そうした夜行寝台列車が毎夜、滑るように東京駅10番ホームを発車する。そして構内の分岐器と車輪のきしむ音を残しながら徐々にスピードを上げていく。まさにそこが有楽町の高架上で、そのガード下には戦後からある居酒屋がしのぎを削っている。私は以前に職場が丸の内にあったことから、仕事帰りに仲間とよく飲みに行ったものだ。当時後輩に「先輩、今晩はどちら方面に飲みに行かれるんですか?」などと皮肉たっぷりに尋ねられて、「今晩は銀座の高級クラブ・ブルースカイだよ」「女の子が選り取りみどりだぞ」なんて冗談を言ったものだ。

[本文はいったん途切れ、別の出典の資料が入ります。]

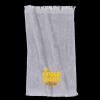 Customer Supplied Towel Thumbnail
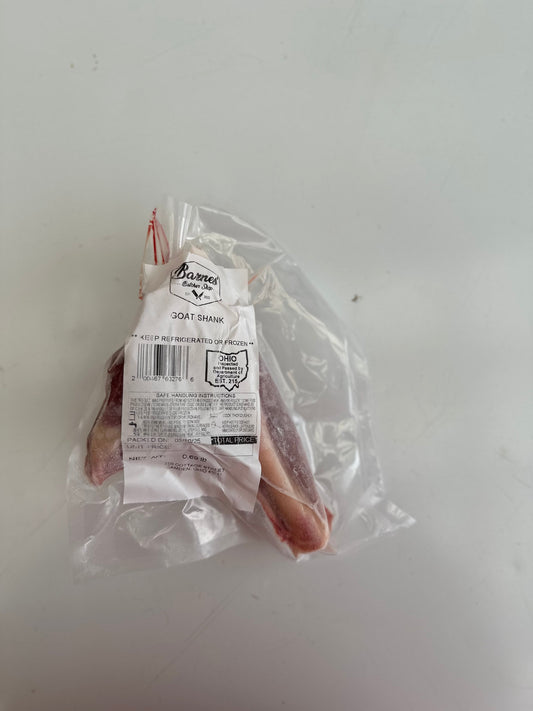 Goat Shank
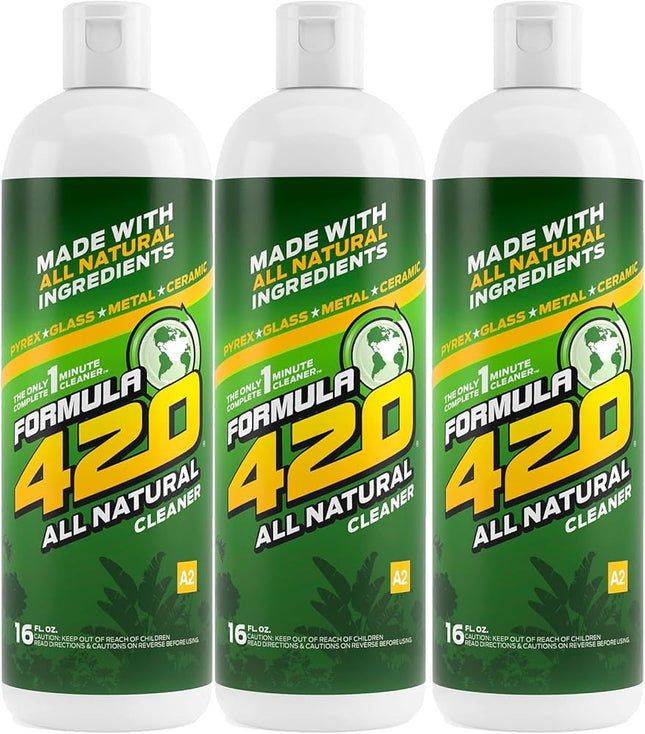 FORMULA 420 N9 GLASS CLEANER 16OZ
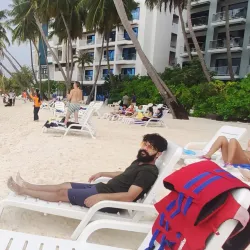 Snorkeling and Diving Sites - Maafushi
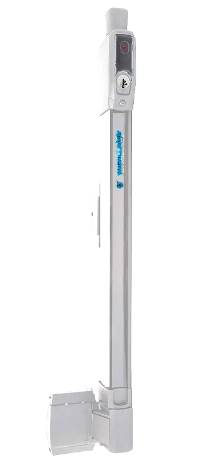 D&D Technologies DD TECH MAGNALATCH TOP PULL 6 PIN LOCK KEY ALIKE - TRADE WHITE & BLACK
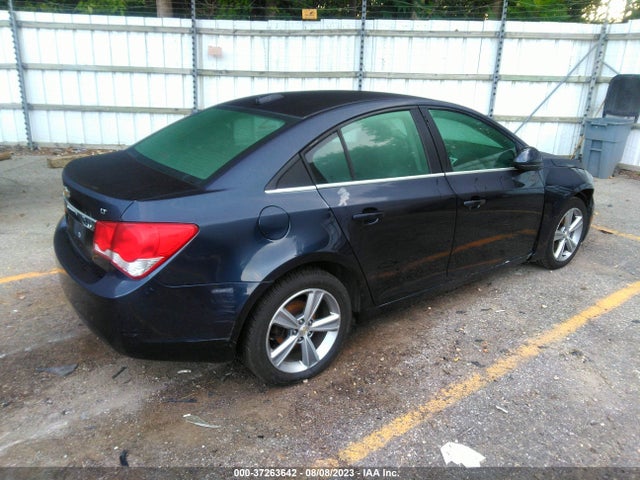 1G1PE5SB4F7242620 Chevrolet CRUZE LT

確かにガード下とはいっても露天に等しく、そこを通行する女性も多数。表現は決して違ってはいない。以来、私は有楽町ガード下を「サラリーマン倶楽部」と名付け足繁く通った。ヤキトリを焼く煙が濛々と立ち込めるサラリーマンのオアシス。情報交換や悩み事相談、意志疎通の場でもあった。
 近隣のハイカラ(ハイセンスで小奇麗)な銀座とは打って変わりここガード下は、我々サラリーマンにとっては最高の癒し場所だった。東京の多くの飲んべえ横丁がそうであるように、戦後の復興から始まり常にその時代を見つめてきた。当初は浮浪者が住み着かないようにと行政がテコ入れした経緯もあったとか、現在の経営者は親子代々の店が多いようだ。昭和四十年代の高度経済成長期のあの鰻上りの賃金上昇も手伝って、いわゆる″企業戦士″の溜まり場として隆盛を極めてきた時代の寵児的存在だった。最近では外国向けのガイドブックに載っているのか、はたまた口コミからか外国人客も目に付く。またこの界隈は来店客にマスコミ各社のインタビューなども時々行われる。実際私もインタビューを受けた経験がある。それを偶然親戚筋が見ていて、元気な姿がそのまま実家の両親に伝えられた。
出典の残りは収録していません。